[[ Raw data, beginning ]]

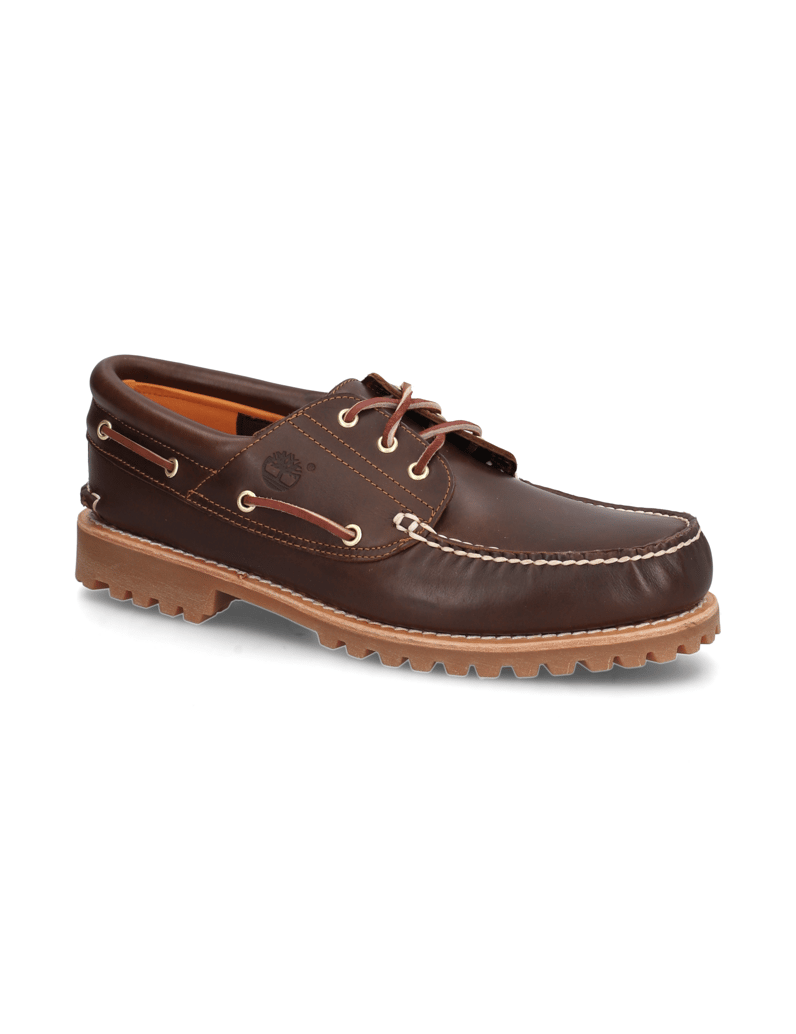 Timberland-BOAT-SHOE-rjava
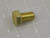 LOT OF 99 INFASCO 66208 HEX HD SCREW DIN 933 CL10.9 M/C FT ZY M12 X 20MM T83979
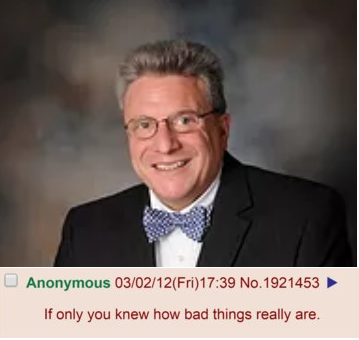 234783167832.PNG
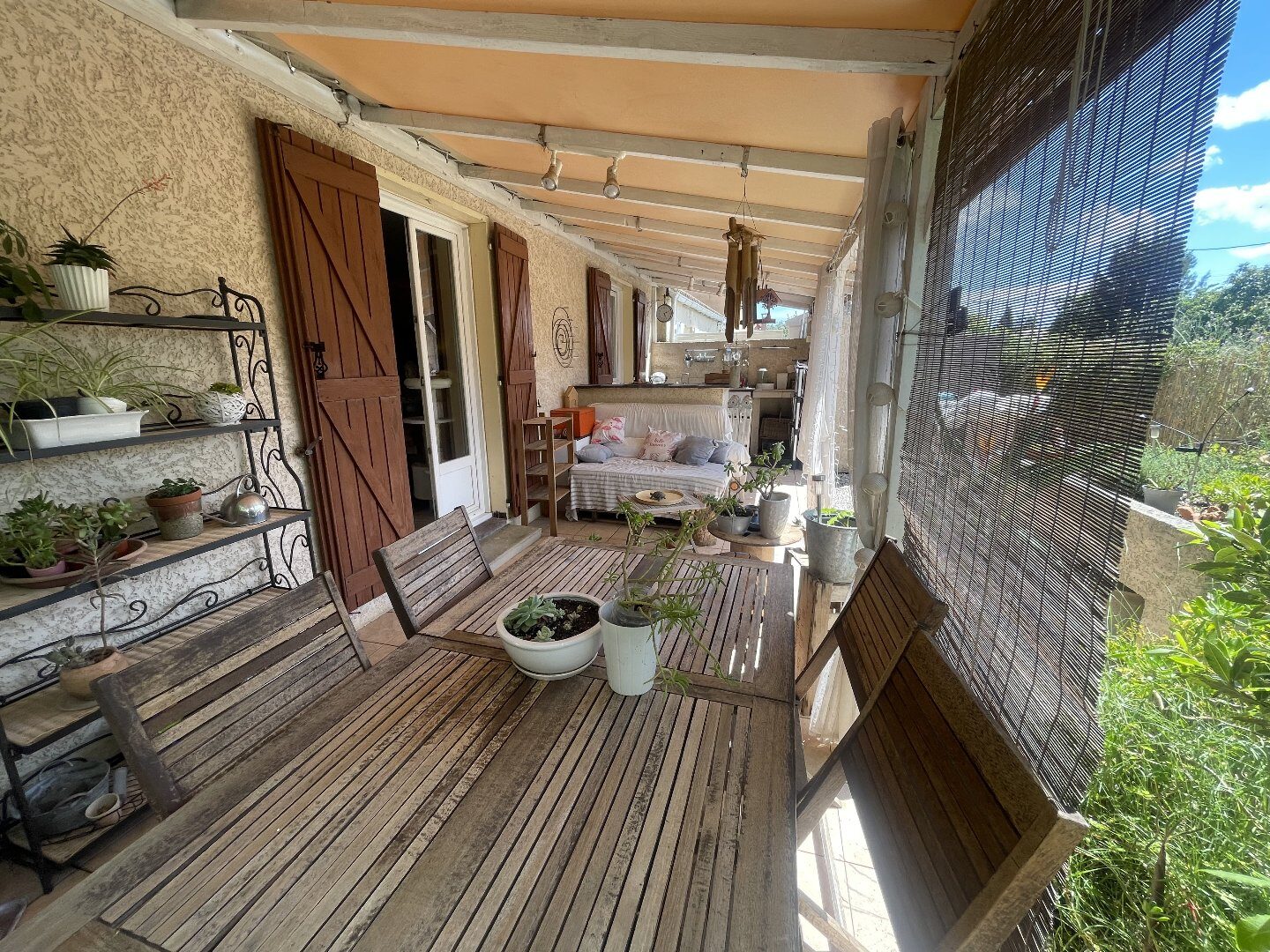 Property view 5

[[ Raw data, end ]]

■ **Task to carry out**: Every line of the data above is to be set down word for word, with the pictures left out.

■ **Expected answer**:
 Timberland-BOAT-SHOE-rjava
 LOT OF 99 INFASCO 66208 HEX HD SCREW DIN 933 CL10.9 M/C FT ZY M12 X 20MM T83979
 234783167832.PNG
 Property view 5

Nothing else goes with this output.